Cropping the feed helped. I added a toggle so that only a tighter cropped image of the bowls was sent to the VLM for processing – just to see if reducing the visual noise from the full kitchen would make a difference. By eyeballing it, I think it did improve performance slightly.

But it also led to another idea. The GB10 was able to run multiple 8B parameter models simultaneously – so you could potentially split a camera feed into multiple sections and have them processing different areas of the video input in parallel, each with their own tools and tasks.

Experiment 3: Bowl Pickup Detection

Next I wanted to see if the model could detect when someone picks up a bowl. I added a second tool – bowl_picked_up – alongside log_bowl_status. Same pattern as before: describe when to call it in the tool definition and let the model decide.

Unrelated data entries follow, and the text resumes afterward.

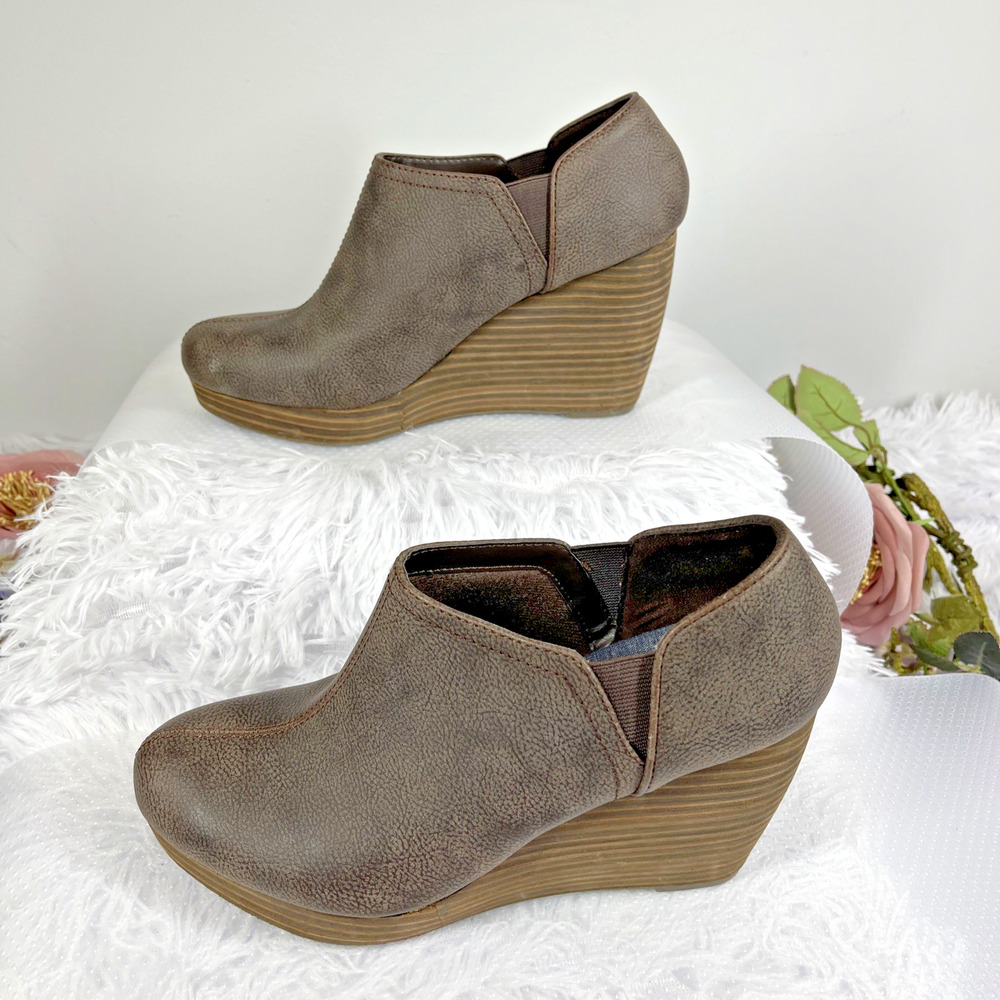 Dr Scholls Harlie Womens 9M Brown Wedge Booties Memory Foam Cool Fit Slip On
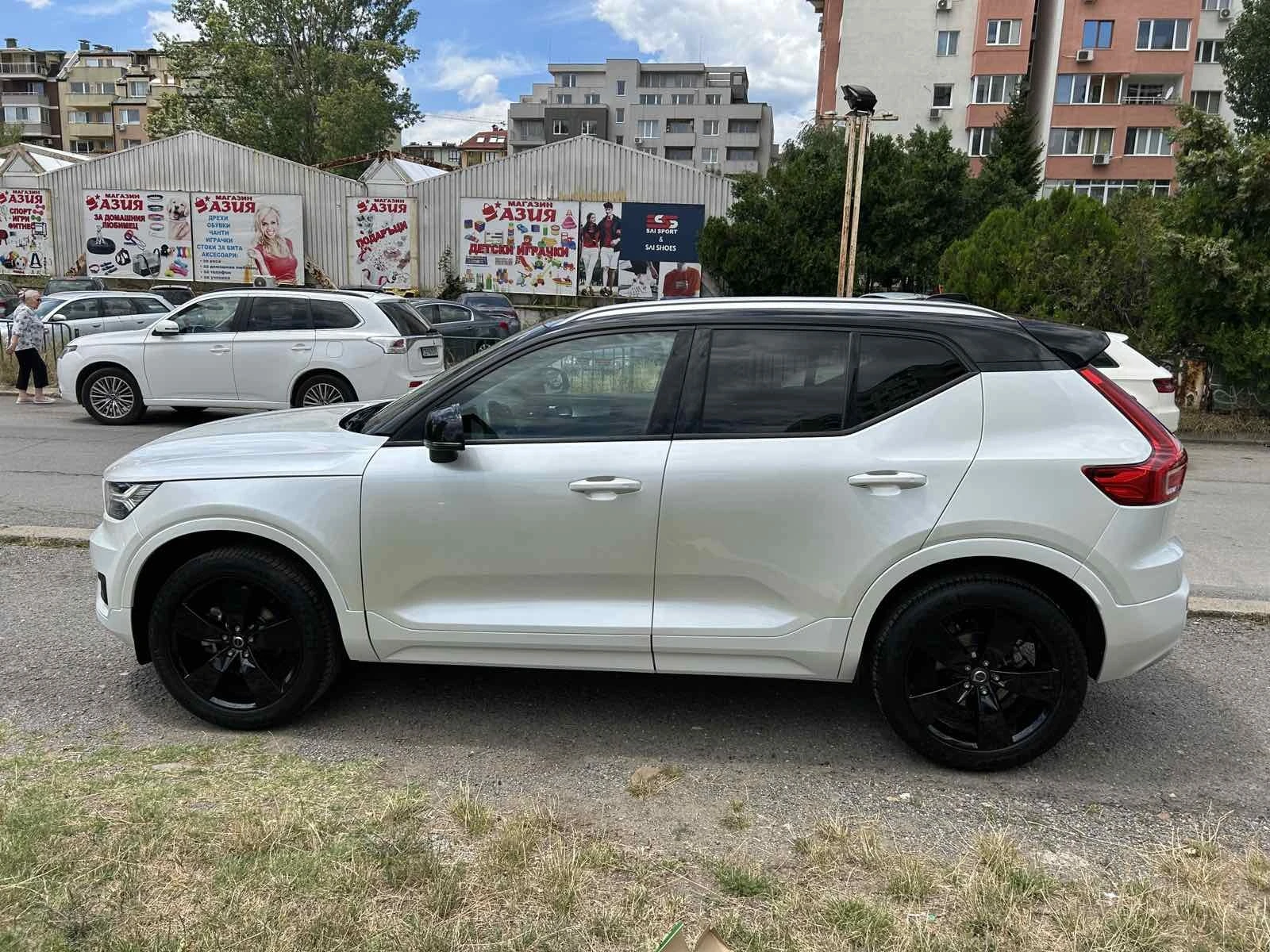 Volvo XC40 1.5i turbo  - изображение 6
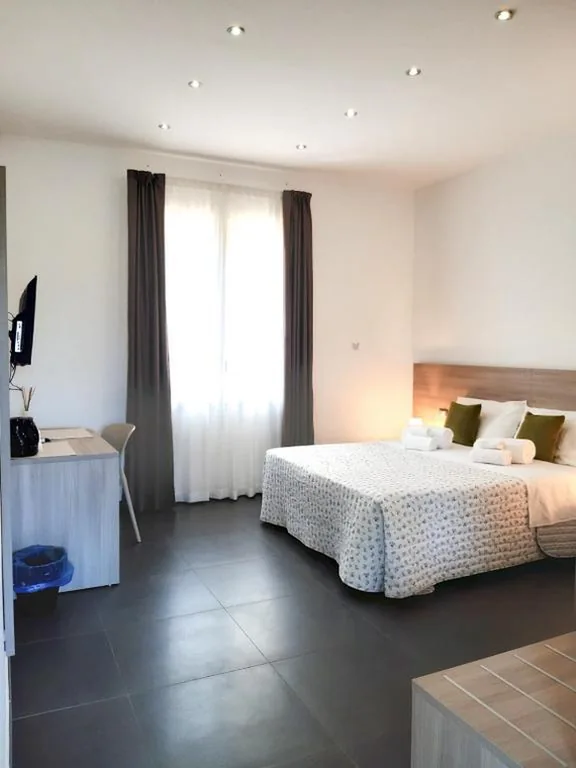 Deluxe Room — RipamontiBnB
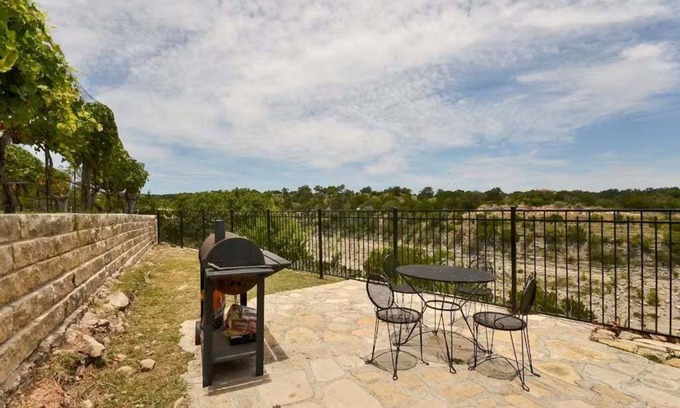 Lago Vista House | Vineyard Haus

Bowl pickup tool definition

BOWL_PICKED_UP_TOOL = {
    "type": "function",
    "function": {
        "name": "bowl_picked_up",
        "description": (
            "ONLY call this function when you can actually SEE a person "
            "picking up a bowl. Signs: a hand is gripping or lifting a bowl, "
            "a person is reaching for a bowl and grabbing it, or a bowl is "
            "being held in someone's hand."
        ),
        "parameters": {
            "type": "object",
            "required": ["reason"],
            "properties": {
                "reason": {
                    "type": "string",
                    "description": "Describe what is happening – who is picking up which bowl.",
                },
            },
        },
    },
}

Lots of false positives. The model fired bowl_picked_up constantly – mostly on nothing.

Multi-tool calling was inconsistent. With two tools available, the model would heavily favour one over the other. It would call log_bowl_status on nearly every frame but rarely fire bowl_picked_up, even when someone was clearly grabbing a bowl. It sometimes worked, but the model seemed to latch onto one tool and ignore the other. I was impressed multi-tool calling worked at all – I don't know the nature of the training data, but it did sometimes fire both tools on the same frame. That said, bowl_picked_up worked better when log_bowl_status was disabled. One tool at a time seemed to be good for performance.

I did manage to record one example where bowl_picked_up seems to have worked pretty well:

What I Learned

VLM tool calling works – kind of. Detecting a person and taking a screenshot was reliable. Counting bowls and detecting pickups was messy. Honestly, I'm surprised they call tools at all.

The potential value is in the flexibility. If you could just point one of these models at a camera and say "run this function when someone takes a bowl" or "run this function when the bowl count drops below three" – and it just worked out of the box – that would be insanely useful. We're not there yet, but you can see the shape of it.

8B is better than 2B. I tried both. The 8B model definitely produced more accurate detections and fewer hallucinated tool calls (surprise?).

What's Next for VLMs in the Robot Kitchen

Temporal context. Passing prior frame results or a rolling summary to the model should reduce jitter and false positives. The model doesn't know what it saw before – fixing that is the obvious next step.
Segmented feeds. Different regions of the camera analyzed by different model instances, each with their own tool definitions. The memory headroom is there.
Fine-tuning. Kitchen-specific tool calls baked into the model weights instead of prompted at inference time.
More tools, more tasks. Resource tracking, order progress, hygiene monitoring – the kitchen has plenty of things worth watching. If the tool calling gets more reliable, the use cases open up fast.
Vision-action models. Training models that don't just see but act – getting robots to understand what they're looking at and respond to it. That's where I'd love to take this next.

As AI eats software, I went to a robot kitchen to find the off-ramp. But the parts that excited me were training models, fine-tuning on kitchen-specific data, running inference on hardware. The software parts. And none of those are safe from AI either.

I might just be riding my love of software into the AI sunset – and I might be okay with that.